Des exercices militaires conjoints israélo-grecs, navals et aériens, dénommés Minoas 2010, devaient se tenir le 1er juin à la fois sur le continent et en mer Egée et Ionienne. La Grèce avait autorisé  les avions de Tsahal à simuler des frappes contre ses missiles sol-air S-300, identiques à ceux dont l'Iran attend la livraison de la part de la Russie. Ces exercices ont été toutefois annulés après l'attaque de la flottille.

Les généraux israéliens estiment que le choix turque est politique et certainement pas militaire. L'armée d'Ankara est en grande partie équipée avec du matériel israélien et il lui sera difficile de réorganiser son approvisionnement et la maintenance de ses systèmes d'arme.

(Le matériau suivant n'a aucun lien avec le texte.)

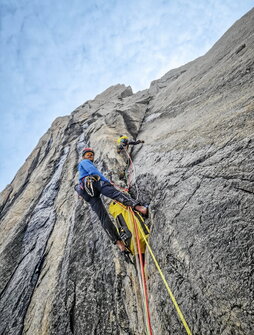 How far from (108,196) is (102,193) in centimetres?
22

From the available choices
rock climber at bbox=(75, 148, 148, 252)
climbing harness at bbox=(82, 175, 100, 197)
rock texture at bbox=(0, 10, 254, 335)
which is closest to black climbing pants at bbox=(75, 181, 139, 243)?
rock climber at bbox=(75, 148, 148, 252)

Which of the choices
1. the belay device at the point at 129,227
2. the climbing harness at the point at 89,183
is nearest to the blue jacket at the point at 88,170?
the climbing harness at the point at 89,183

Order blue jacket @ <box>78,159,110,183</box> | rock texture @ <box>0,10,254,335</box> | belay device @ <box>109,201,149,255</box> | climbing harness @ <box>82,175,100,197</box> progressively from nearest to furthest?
rock texture @ <box>0,10,254,335</box>, belay device @ <box>109,201,149,255</box>, climbing harness @ <box>82,175,100,197</box>, blue jacket @ <box>78,159,110,183</box>

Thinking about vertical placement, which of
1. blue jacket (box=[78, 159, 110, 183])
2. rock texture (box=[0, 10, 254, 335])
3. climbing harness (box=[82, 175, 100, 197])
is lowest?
rock texture (box=[0, 10, 254, 335])

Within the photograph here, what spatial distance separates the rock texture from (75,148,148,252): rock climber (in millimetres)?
372

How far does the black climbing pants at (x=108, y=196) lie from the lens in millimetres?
3832

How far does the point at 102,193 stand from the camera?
4234 millimetres

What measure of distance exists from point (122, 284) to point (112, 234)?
0.96 m

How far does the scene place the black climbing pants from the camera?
12.6ft

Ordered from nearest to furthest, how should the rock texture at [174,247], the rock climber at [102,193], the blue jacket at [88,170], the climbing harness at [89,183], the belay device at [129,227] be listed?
the rock texture at [174,247]
the belay device at [129,227]
the rock climber at [102,193]
the climbing harness at [89,183]
the blue jacket at [88,170]

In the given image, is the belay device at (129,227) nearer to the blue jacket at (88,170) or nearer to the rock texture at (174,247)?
the rock texture at (174,247)

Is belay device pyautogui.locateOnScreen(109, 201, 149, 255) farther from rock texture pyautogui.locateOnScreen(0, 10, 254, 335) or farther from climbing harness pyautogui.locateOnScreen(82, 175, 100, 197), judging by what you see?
climbing harness pyautogui.locateOnScreen(82, 175, 100, 197)

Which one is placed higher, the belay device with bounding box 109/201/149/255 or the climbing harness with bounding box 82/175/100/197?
the climbing harness with bounding box 82/175/100/197

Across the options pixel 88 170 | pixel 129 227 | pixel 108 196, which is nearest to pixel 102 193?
pixel 108 196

Les relations se sont aujourd'hui tellement dégradées que les demandes d'armement d'Ankara sont à présent systématiquement rejetées. Tayyip Erdogan a réclamé des systèmes de missiles israéliens, des roquettes antichars «Spike», des missiles «Barak-8» pour la marine et des blindés «Namer» pour le transport de troupes. Israël a seulement accepté d'honorer une commande antérieure de drones dont l'annulation a même été un temps envisagée. Jérusalem craint que ce matériel de haute technologie se retrouve un jour entre les mains de la Syrie et du Hezbollah.

La perte de la Turquie sera aussi sensible en matière de revenus touristiques. Le gouvernement israélien a interdit à ses ressortissants de se rendre en vacances dans un pays en guerre diplomatique et les agences de voyages devront trouver une destination de rechange aux 600.000 israéliens qui s'y rendaient chaque année. Ils réorienteront sans doue ces touristes vers la Grèce qui y verra une aubaine au moment où le pays traverse une crise économique considérable.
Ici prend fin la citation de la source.